Os intermetatarseum – A case report

Viswanath H Chavali 1,
PMCID: PMC3872802  PMID: 25983457

Abstract

Accessory ossicles and sesamoid bones are skeletal variations, more commonly seen in the region of foot and ankle. Most such accessory and sesamoid bones remain asymptomatic. However overuse and trauma can make such feet symptomatic. Knowledge of such bony ossicles is essential in the management of patients presenting with foot pain.

Dorsal foot pain can be caused by a symptomatic Os intermetatarseum – an accessory ossicle found between the bases of first and second metatarsals and the medial cuneiform. Its incidence has not been well established because of insufficient appropriate multi-centric anatomical, radiological and orthopaedic studies. A case of dorsal foot pain in a soccer player, caused by an Os intermetatarseum is reported here. A brief review of the literature is also presented.

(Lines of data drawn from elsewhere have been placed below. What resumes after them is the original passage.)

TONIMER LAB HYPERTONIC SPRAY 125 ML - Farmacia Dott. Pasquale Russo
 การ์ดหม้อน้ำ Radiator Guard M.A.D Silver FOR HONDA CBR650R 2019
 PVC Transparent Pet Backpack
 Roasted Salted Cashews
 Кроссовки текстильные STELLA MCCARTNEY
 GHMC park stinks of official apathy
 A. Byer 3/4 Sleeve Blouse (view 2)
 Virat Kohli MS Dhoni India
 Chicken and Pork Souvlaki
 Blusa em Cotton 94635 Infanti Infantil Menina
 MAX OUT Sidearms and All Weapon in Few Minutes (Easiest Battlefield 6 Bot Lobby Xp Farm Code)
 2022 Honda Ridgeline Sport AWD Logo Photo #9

Keywords: Os intermetatarseum, Accessory ossicles, Anterior tarsal tunnel syndrome, Dorsal foot pain, Deep peroneal nerve

1. Introduction

Sesamoid and accessory bones are found in the region of the foot and ankle with varying incidence. The Os intermetatarseum also called as Os intermetatarseum-One1 and Os intermetatarsale2 is a less common accessory ossicle, found in the space between the medial cuneiform and the bases of first and second metatarsals. Its size and shape varies1,3–5 and is frequently asymptomatic.3,4,6,8 However cases of dorsal foot pain and/ or parasthesias in the first web space, related to a symptomatic Os intermetatarseum have been reported1,5,6–11; some related directly to the compression of the medial branch of the deep peroneal nerve.6,8,10 Association of hallux valgus deformity with Os intermetatarseum has also been documented by some authors.4,7,9,11–13

Like many other accessory bones the Os intermetatarseum can occur in surprisingly high frequencies in some populations, yet usually goes unnoticed because the bone itself lacks distinct morphology.2 The incidence of Os intermetatarseum has not been well established because of insufficient appropriate multi-centric anatomical, radiological and orthopaedic studies. Whereas a few studies of accessory bones of the feet2–4 and case reports1,5–12 have drawn attention to the presence of Os intermetatarseum, this article is probably the first reporting of an Os intermetatarseum from the Indian subcontinent. It is the author's intention to draw attention to this uncommon but possible cause of dorsal foot pain. The presentation of this case and a brief review of its literature will definitely create awareness regarding the clinical features and management of this accessory ossicle.

2. Case report

An Indian male, 21-year old, experienced pain over the dorsum of his right foot while playing football. As he continued playing for the session, the pain increased and he experienced severe discomfort in kicking the ball. He was referred to the orthopaedic clinic to rule out an internal injury. Physical examination revealed physiologic pes planus (Figs. 1 and 2) and mild hallux valgus involving both feet. There was tenderness around the mid dorsum of the right foot close to the base of the first and second metatarsal. A positive percussion (Tinel like) sign was elicited in this region extending to the first web space. However no subjective parasthesias were found distally. No swelling or erythema was noted in the tender region. Pain and tenderness increased on standing tip toe and with full plantar flexion. The opposite foot was normal to palpation except for the visible pes planus. Past history was unremarkable and deemed non contributory. Roentgenogram of the affected side showed a tiny hourglass shaped ossicle between the base of the first and second metatarsal (Fig. 3). An X-ray of the opposite foot for comparison also showed similar findings (Fig. 4). The hallux valgus (HV) angle was 20° in the right foot and 22° in the left foot. The intermetatarsal (IM) angle was 11° on the right side and 13° on the left side. The condition was diagnosed as a case of symptomatic Os intermetatarseum. Because the clinical findings did not support a nerve compression, nerve conduction velocity studies were not performed. The clinical symptoms, signs and radiological findings strongly supported the diagnosis of an Os intermetatarseum, hence further imaging studies were kept reserved in the event of failure to respond to initial management.

Fig. 1.

Fig. 1

Physiologic pes planus: loss of longitudinal arch on weight bearing.

Fig. 2.

Fig. 2

Physiologic pes planus: normal appearance of longitudinal arch on non-weight bearing.

Fig. 3.

Fig. 3

X-ray of right foot showing Os intermetatarseum.

Fig. 4.

Fig. 4

X-ray of left foot showing Os intermetatarseum.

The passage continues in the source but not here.